T = 298  # temperature in K
max_freq = 4000  # plot spectrum up to 4000 cm^-1
max_dt_fs = 2000  # maximum correlation in fs for dipole derivative acf


# ## Equilibration
#
# ``temperature=(500, T, T)`` means that in the first half the simulation the system is cooled from 500 K to the gievn temperature, and then kept constant at that temperature.
#
# The initial temperature of 500 K does some preliminary conformer search.

eq_job = plams.AMSNVTJob(
    settings=s,
    name="nvt_eq",
    molecule=mol,
    timestep=0.5,
    nsteps=10000,
    temperature=(500, T, T),
)
eq_job.run()


# ## NVE production simulation
#
# The ``binlog_dipolemoment`` option stores the dipole moment at every time step.

job = plams.AMSNVEJob.restart_from(
    eq_job,
    name="nve_single_prod",
    nsteps=50000,
    binlog_dipolemoment=True,
    binlog_time=True,
    samplingfreq=100,
    timestep=0.5,
)
job.run()


# ## Dipole derivative autocorrelation function

times, dipole_deriv_acf = job.results.get_dipole_derivatives_acf(start_fs=0, max_dt_fs=max_dt_fs)
plt.plot(times, dipole_deriv_acf)
plt.xlabel("Time (fs)")
plt.ylabel("Dipole deriv. autocorrelation (e bohr / fs)^2")
plt.title("Raw autocorrelation function")


# Ideally, you should set ``max_dt_fs`` above to a large enough number so that the autocorrelation function decreases to a constant value of 0 (**and** have a long enough MD simulation to get enough statistics!)

# ## IR spectrum
#
# The IR spectrum is the Fourier transform of the above autocorrelation function:

x_freq, y_intens_raw = job.results.get_ir_spectrum_md(times, dipole_deriv_acf, max_freq=max_freq)
plt.plot(x_freq, y_intens_raw)
plt.xlabel("Frequency (cm^-1)")
plt.title("IR spectrum (from raw autocorrelation function)")
plt.xlim(500, max_freq)
plt.show()


# There seems to be quite some "noise" in the IR spectrum.

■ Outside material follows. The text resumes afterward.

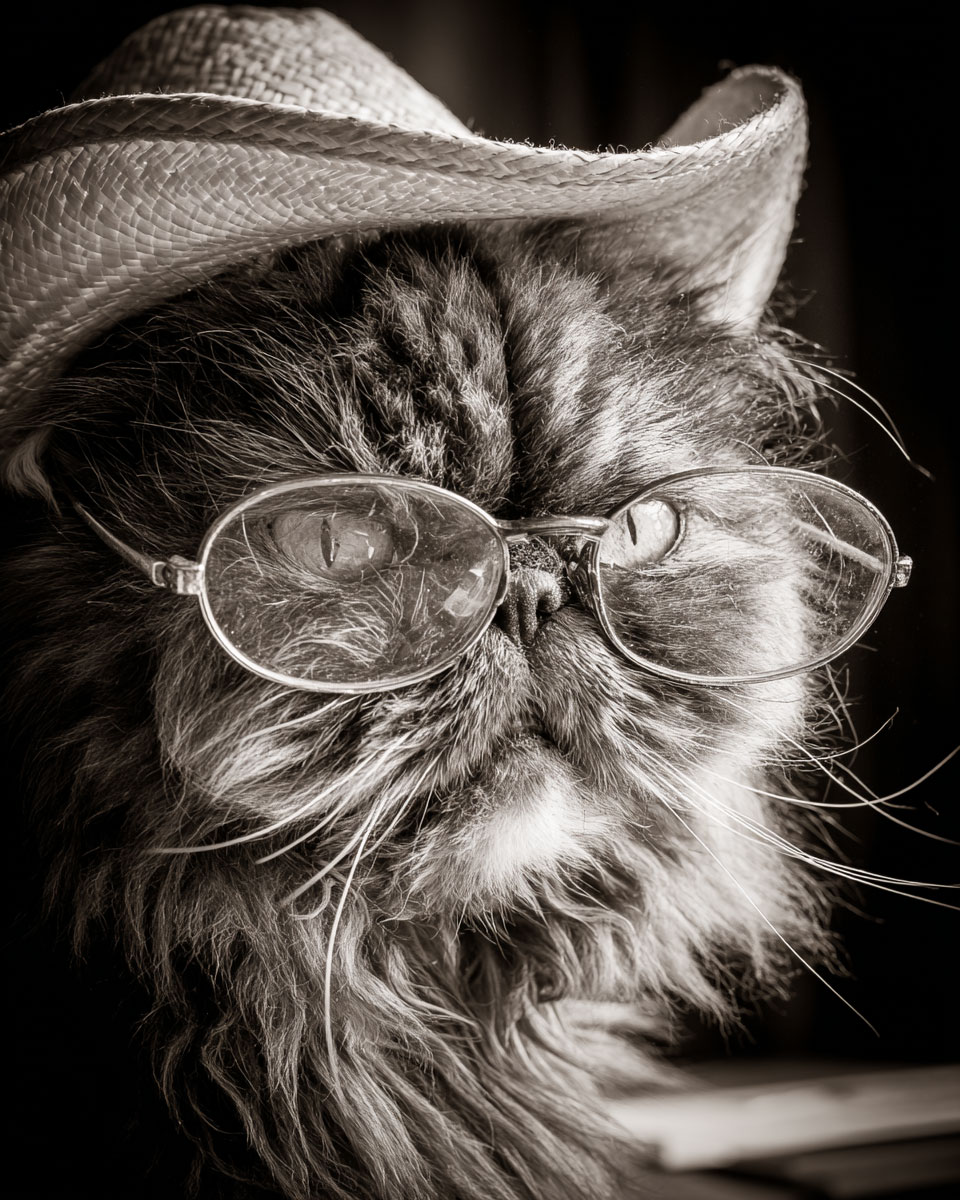 Studious Stewart the Cowboy Cat - Matted Art Print for Mid Century Modern Western Living Room Decor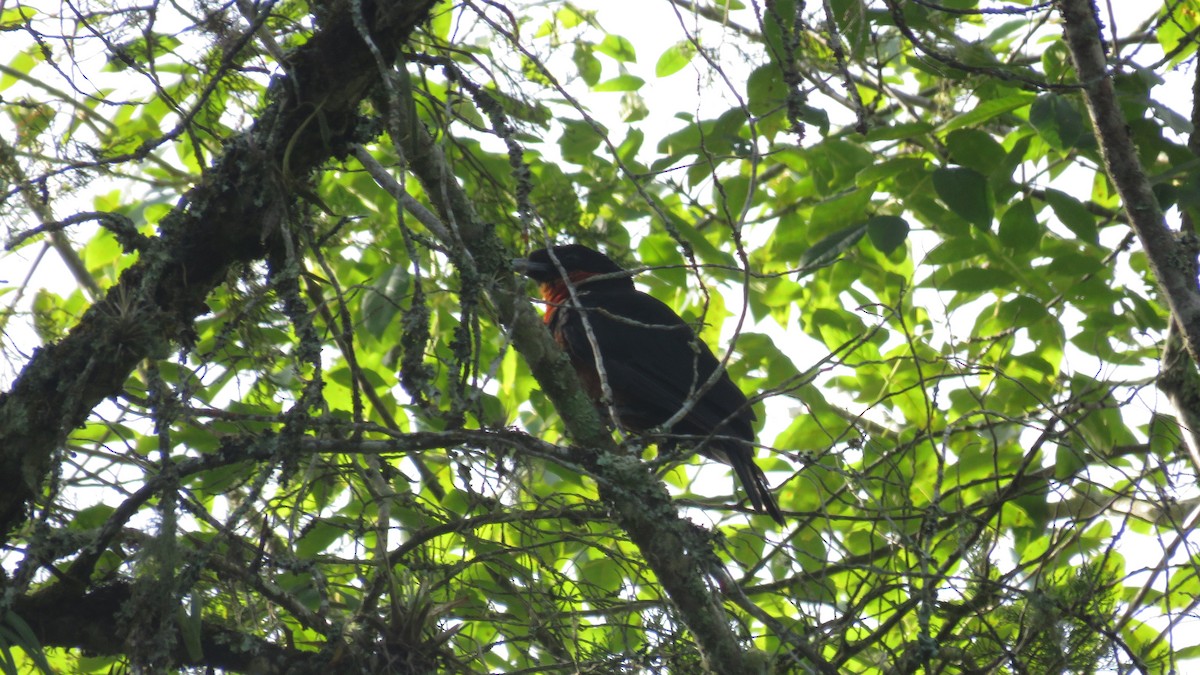 Red-ruffed Fruitcrow - ML642244840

One reason for this is that there is still some signal (or noise?) in the autocorrelation function at dt = 2000 fs.
#
# However, it's also possible to use a tapering (window) function to make the autocorrelation function smoothly decrease to 0. This will make the resulting IR spectrum look a bit more tidy. See the next section.

# ## Tapering function for autocorrelation function


def tapered_cosine(x):
    return 0.5 * (np.cos(np.pi * x / np.max(x)) + 1)


plt.plot(times, tapered_cosine(times))
plt.title("Tapering / cutoff / window function")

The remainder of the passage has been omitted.